RECORDS FOR THE EXERCISE:
▬▬▬
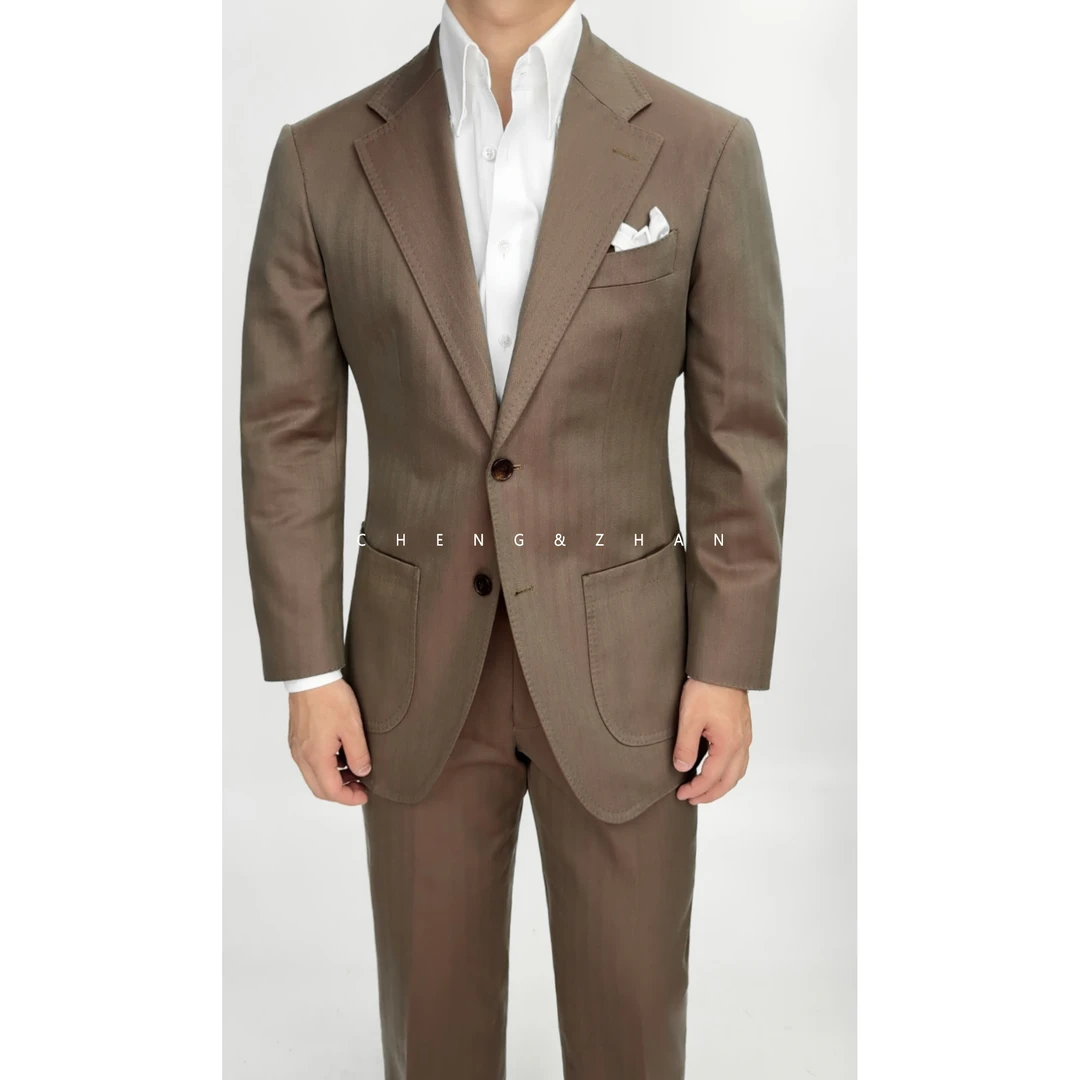 【年中钜惠】撑展【单西】埃及棉solaro三防休闲套西咖色单排西装5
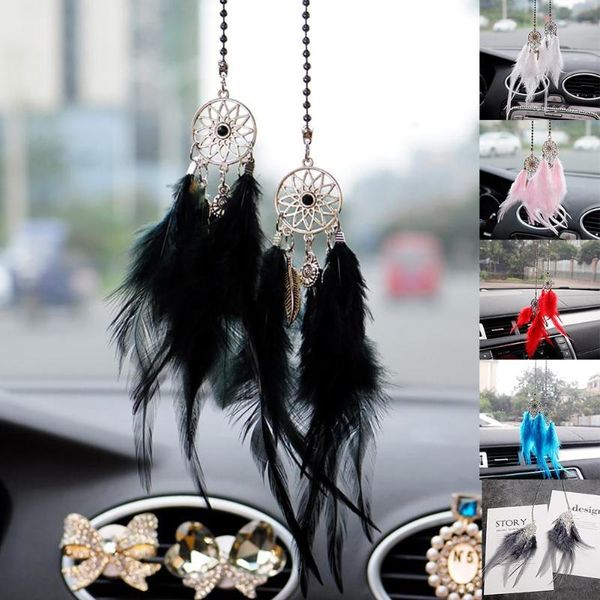 

interior decorations 6 colors dream catcher car feather pedant universal mini wind chimes styling rearview mirror decoration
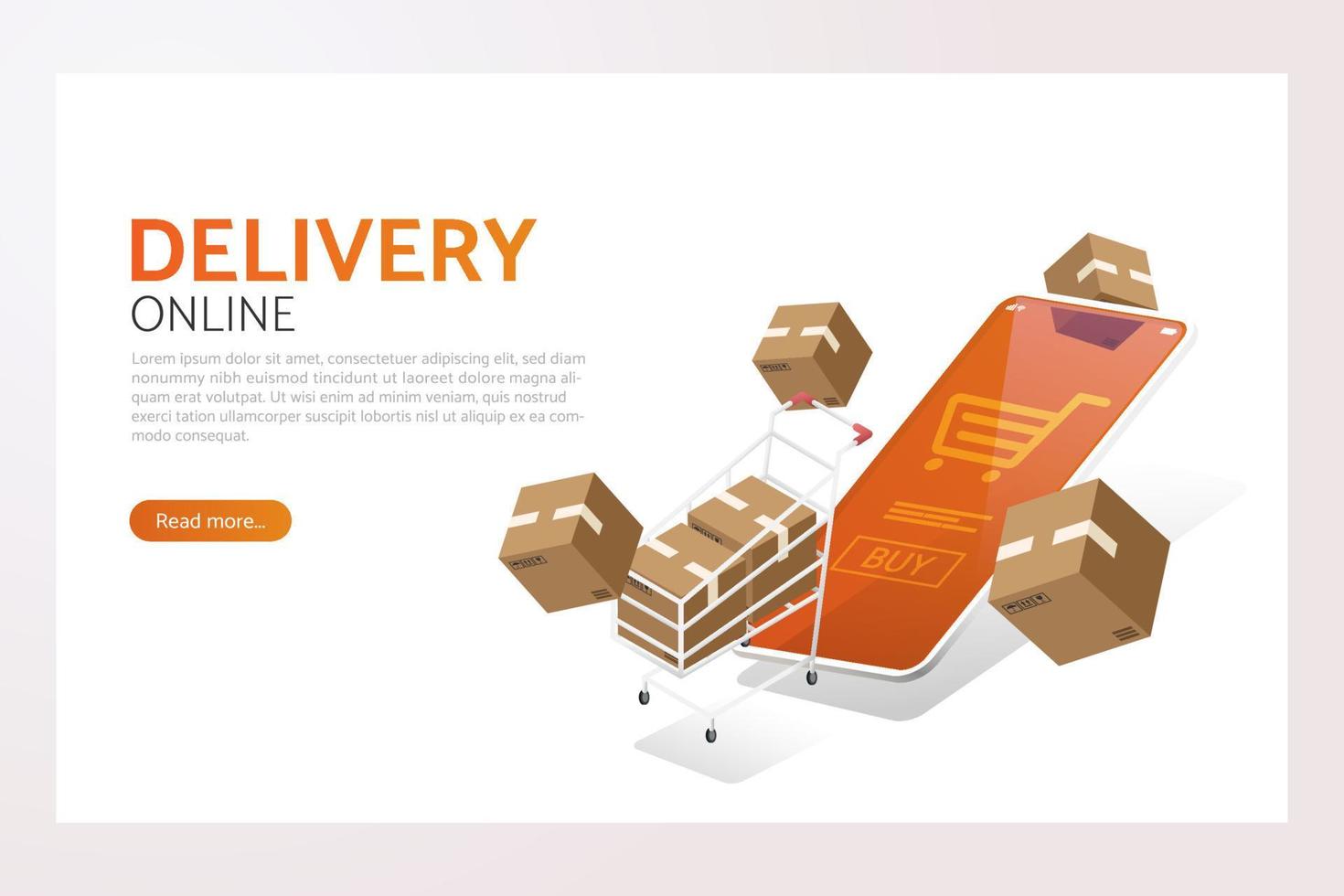 Shipping box floats from a shopping cart that comes out of smartphone. vector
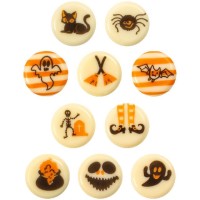 10 Mini Disques Halloween Ø 2 cm - Chocolat Blanc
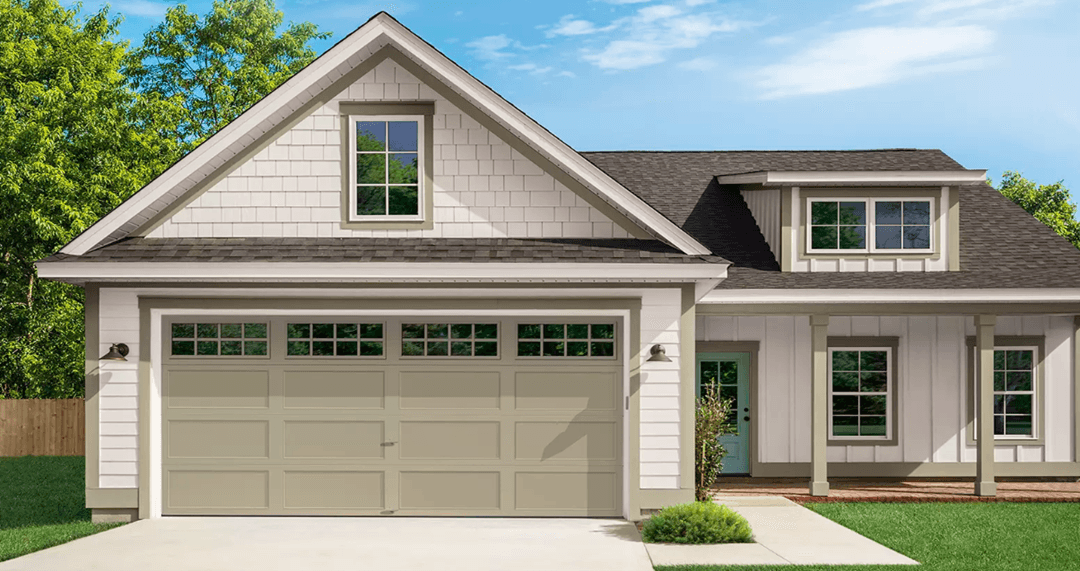 Long Recessed garage door panel design
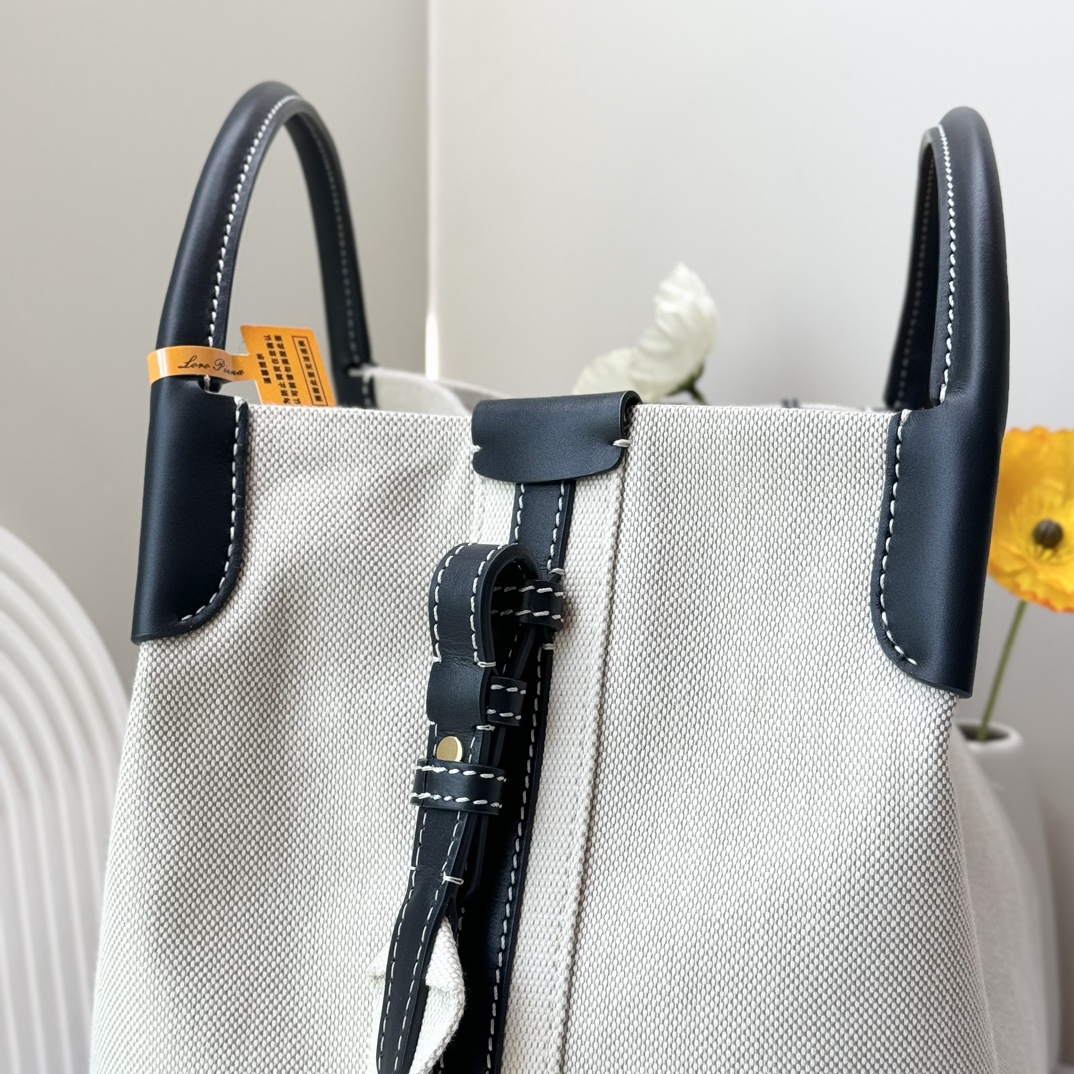 Loro Piana Large Bale bag Cotton, Linen Natural/black | Loro Piana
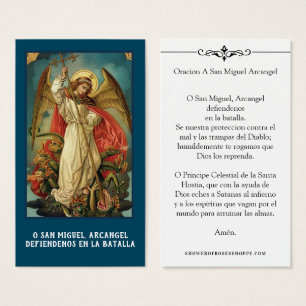 Spanish St. Michael Prayer Holy Card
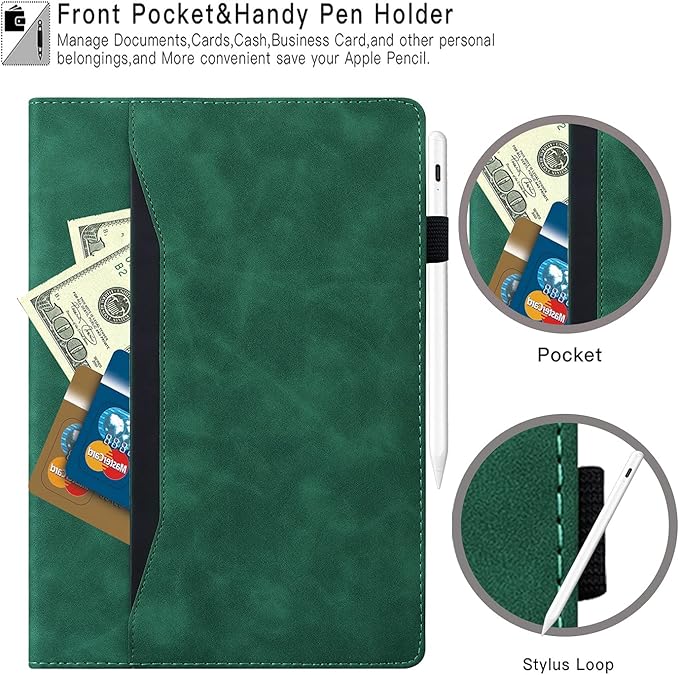 Case for Lenovo Tab P11 (2nd Gen) 11.5 inch/Pad Plus 2023 Magnetic PU Leather Folio Stand Shell Cover Foldable Card Holder Multi-Angle Lenovo Tab P11 Gen2 Tablet 2023 11.5",Vintage Green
▬▬▬
WHAT TO WORK ON:
Once the line with "Loro Piana Large" is found, output it and every line after it through the end of the listing, exactly, without pictures.

ANSWER SPACE:
 Loro Piana Large Bale bag Cotton, Linen Natural/black | Loro Piana
 Spanish St. Michael Prayer Holy Card
 Case for Lenovo Tab P11 (2nd Gen) 11.5 inch/Pad Plus 2023 Magnetic PU Leather Folio Stand Shell Cover Foldable Card Holder Multi-Angle Lenovo Tab P11 Gen2 Tablet 2023 11.5",Vintage Green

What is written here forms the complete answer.